Depicting a sad looking girl, the artwork was a tribute to the victims of the November 2015 attacks in Paris.

The "Gate of Banksy" is to be exhibited at the Farnese Palace in Rome, which houses the French embassy in Italy, in the presence of Ambassador Christian Masset, the chief prosecutor of Aquila, the capital of the Abruzzo region, where it was found at the beginning of June, and the general of the carabinieri in charge of the defence of cultural heritage.

The date and conditions of the painting's return to France were not disclosed.

The work attributed to the famous British street artist Banksy had been painted in 2018 on one of the emergency exits, located behind the Bataclan, in the passage through which many spectators of the Eagles of Death Metal concert had escaped during the terrorist attack.

Made with stencil and white paint, the work depicts a sad-looking girl as a tribute on the very spot where 90 people were killed on November 13, 2015, during a series of jihadist attacks that hit the French capital and its suburb Saint-Denis.
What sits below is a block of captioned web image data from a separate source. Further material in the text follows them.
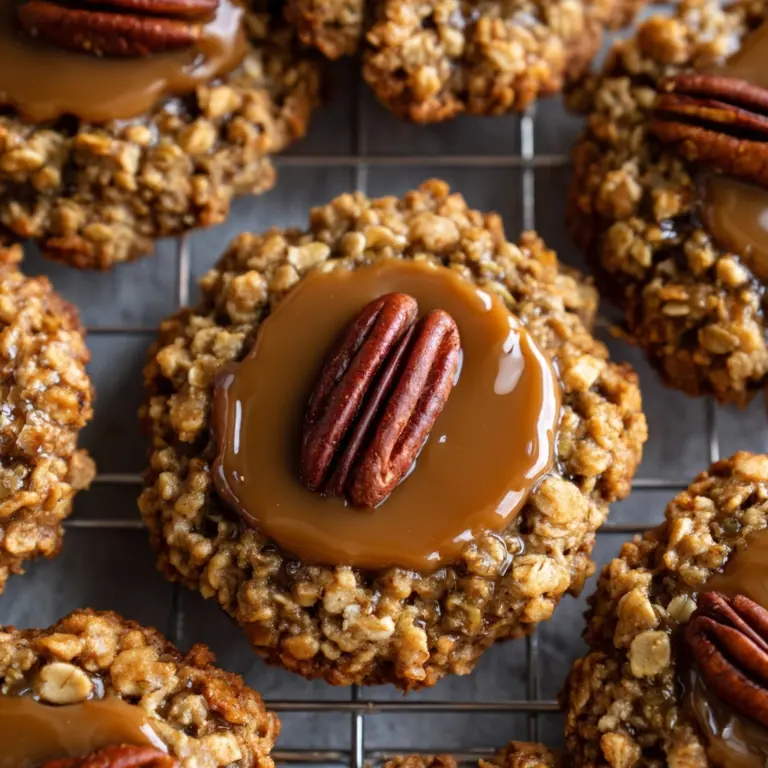 Easy No Bake Pecan Coconut Praline Cookies Recipe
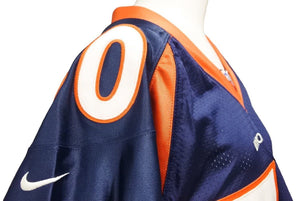 NIKE ナイキ NFL サイン付き ゲームシャツ BRONCOS MANNING18 ユニフォーム Tシャツ オレンジ ブルー メンズ サイズL 20644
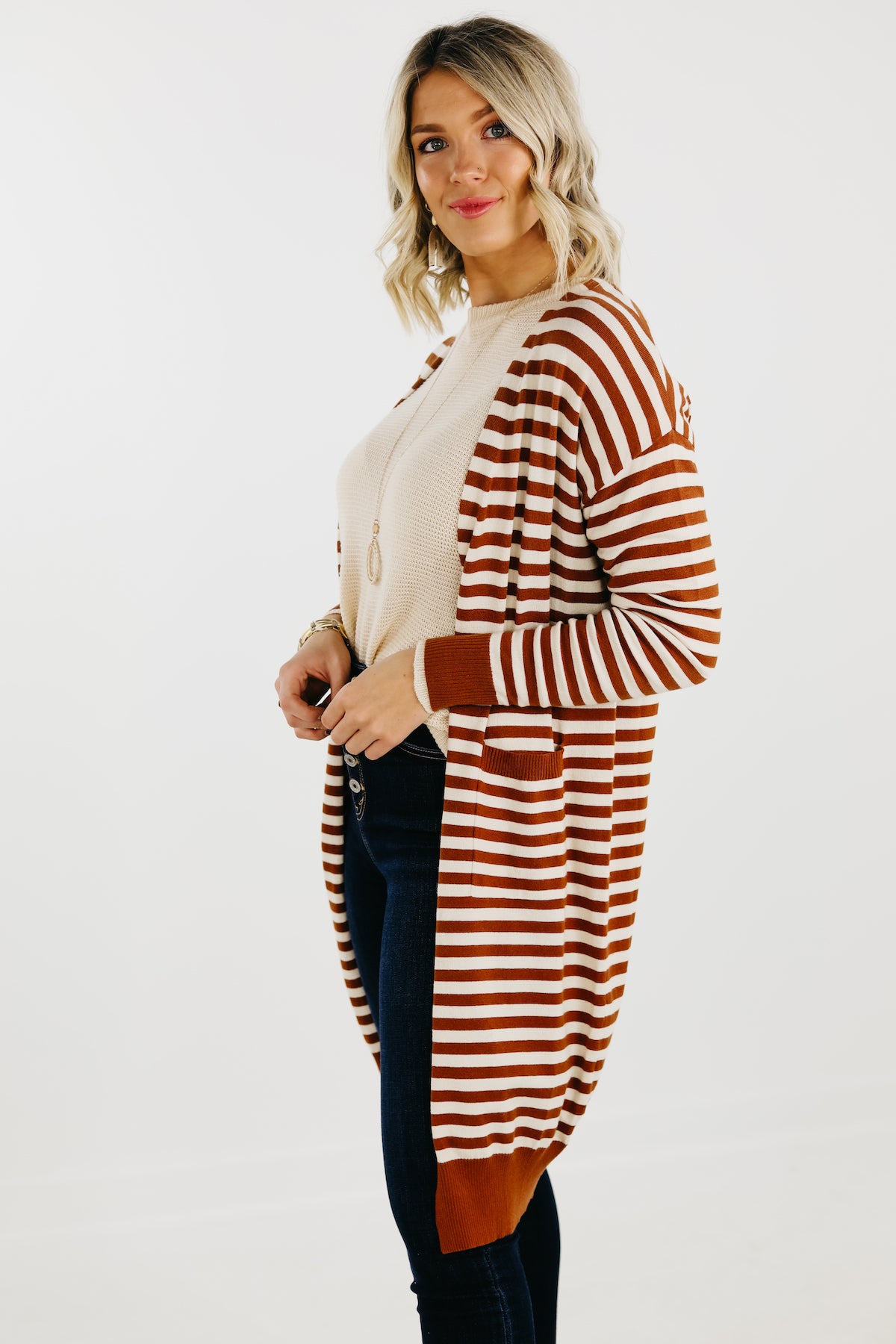 The Ayleen Striped Cardigan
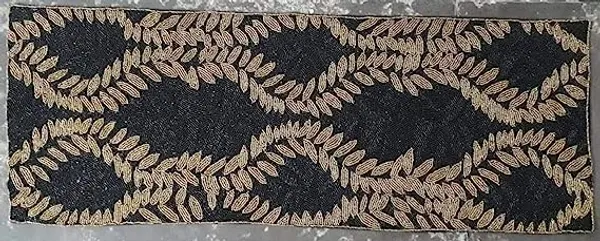 Black_Nd_Golden_Premium_Handcraf_Beautiful_Beaded_Table_Runner_Craftsmanship_(13_*_36_Inch_)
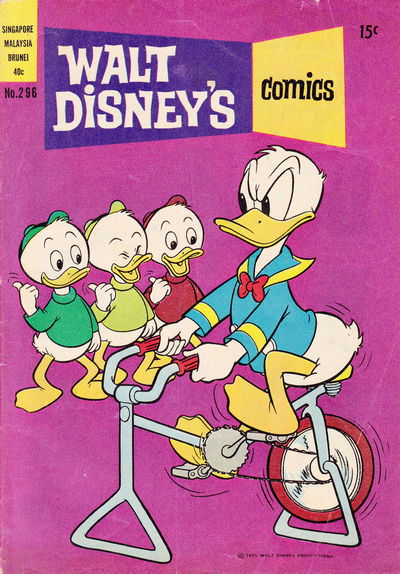 Walt Disney's Comics (WG Publications, 1946 series) #296 May 1971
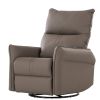 Rocking Recliner Chair,360 Degree Swivel Nursery Rocking Chair, Glider Chair, Modern Small Rocking Swivel Recliner Chair for Bedroom, Living Room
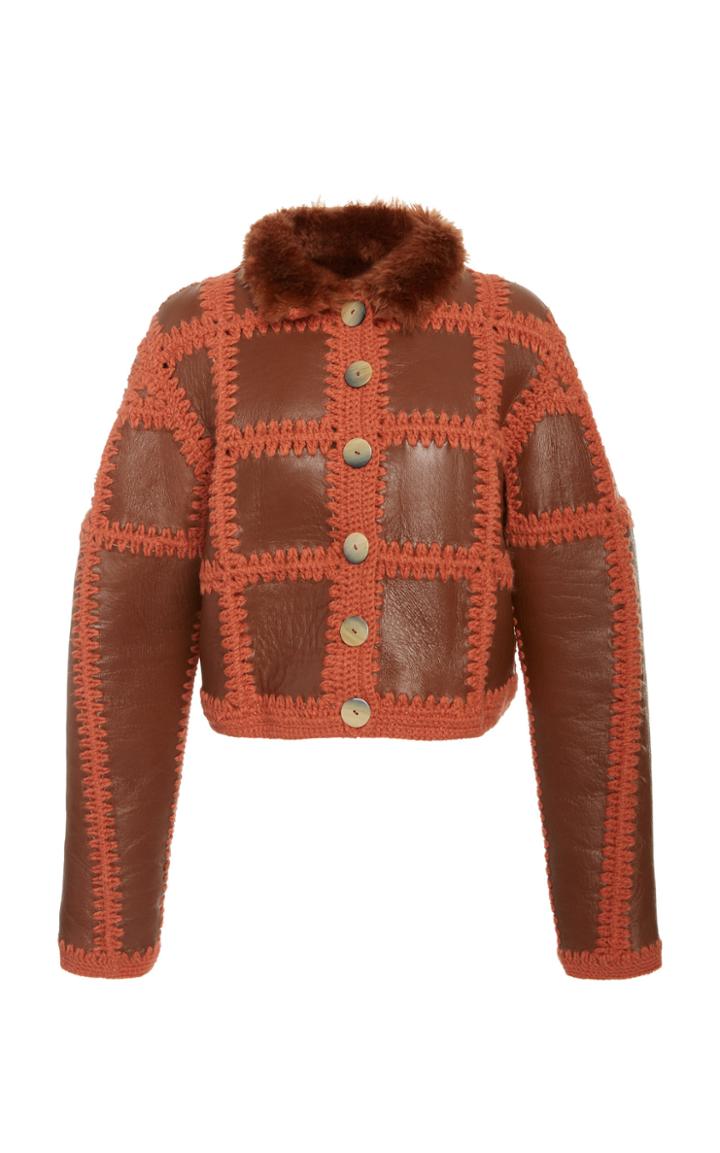 Ulla Johnson Elia Shearling Cropped Jacket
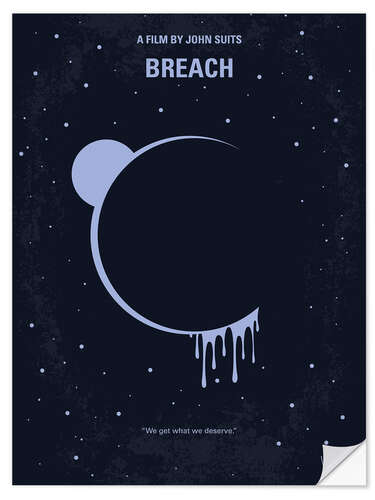 Selvklæbende plakat Breach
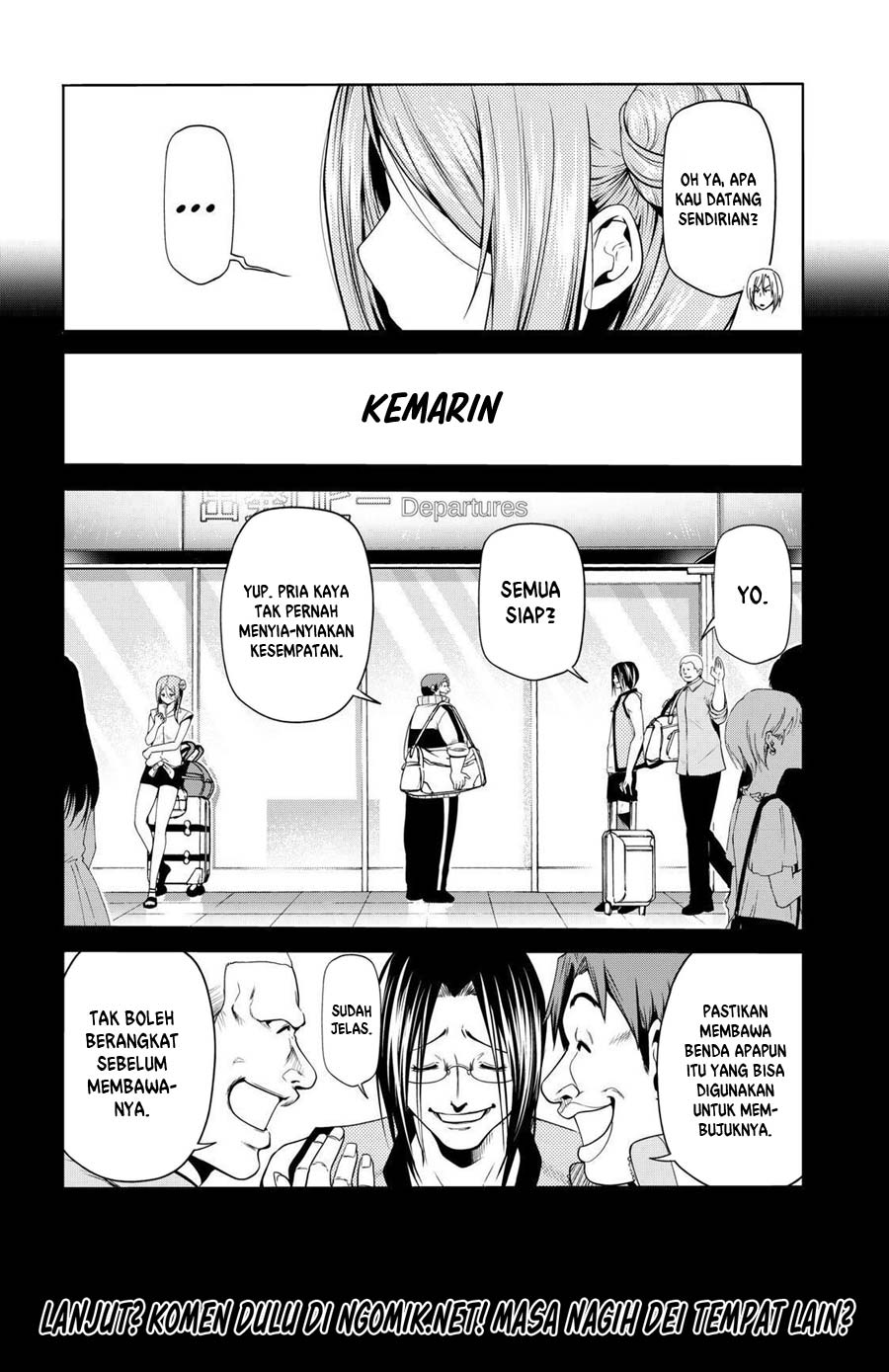 Grand Blue Chapter 66.1 Gambar 21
The criminals, hooded, had seized it by cutting the door with a grinder on the night of 25-26 January 2019. The scene was filmed by video surveillance cameras.

Six people were arrested at the end of June in France during a vast operation led by the Paris Criminal Investigation Department in the Alps and central regions.

Two of them were charged with robbery in an organised gang and the other four with receiving stolen goods from an organised gang.

According to Agi, two of the suspects are Italians born in France and a total of eight people have been arrested, while a suspected accomplice is on the run.

An artist at the heart of the debate

Banksy, who likes to keep his identity a secret but is one of the most highly regarded in his milieu, struck a big blow in June 2018 by disseminating a series of stencils, sometimes with a very political tone, in the French capital.

He had claimed authorship of eight works on his Instagram account, including the sad silhouette on the door of the Bataclan, a misappropriation of the painting "Napoleon crossing the Alps" by Jacques-Louis David, a girl drawing a pink tapestry motif on a swastika near the former "first reception centre" for refugees in Paris, and a small rat with a masked snout brandishing a pencil (or a box cutter), near the Pompidou Centre.

This last work, "made on the back of the entrance panel" of a car park, was also stolen at the beginning of September 2019. The Centre Pompidou, which houses important collections of contemporary art, had filed a complaint "for theft and damage within a space within its perimeter".

Banksy, who likes to play with the media and the art market, is now one of the most highly regarded contemporary artists in the world.

In cities such as Paris, London and New York, his works offer a formidable spotlight on subjects at the heart of societal debates, such as the question of refugees. If in Paris, elected officials have welcomed his artistic "invasion", the problem of their possible theft or degradation inevitably arises.

In October 2018, the buyer of a reproduction of one of Banksy's most famous images, "Girl with Balloon", sold for nearly 1.185 million euros at Sotheby's in London, was surprised to see the canvas partially self-destruct thanks to an ingenious mechanism hidden in its frame, partially cutting the image into thin vertical strips.

In recent weeks, he has reproduced on his Instagram account a drawing showing, next to the portrait of a black man, a lighted candle setting fire to the American flag, in homage to George Floyd. Or the drawing of anonymous people unbolting a statue, a reference to attacks on monuments or statues of historical figures linked to slavery or colonization.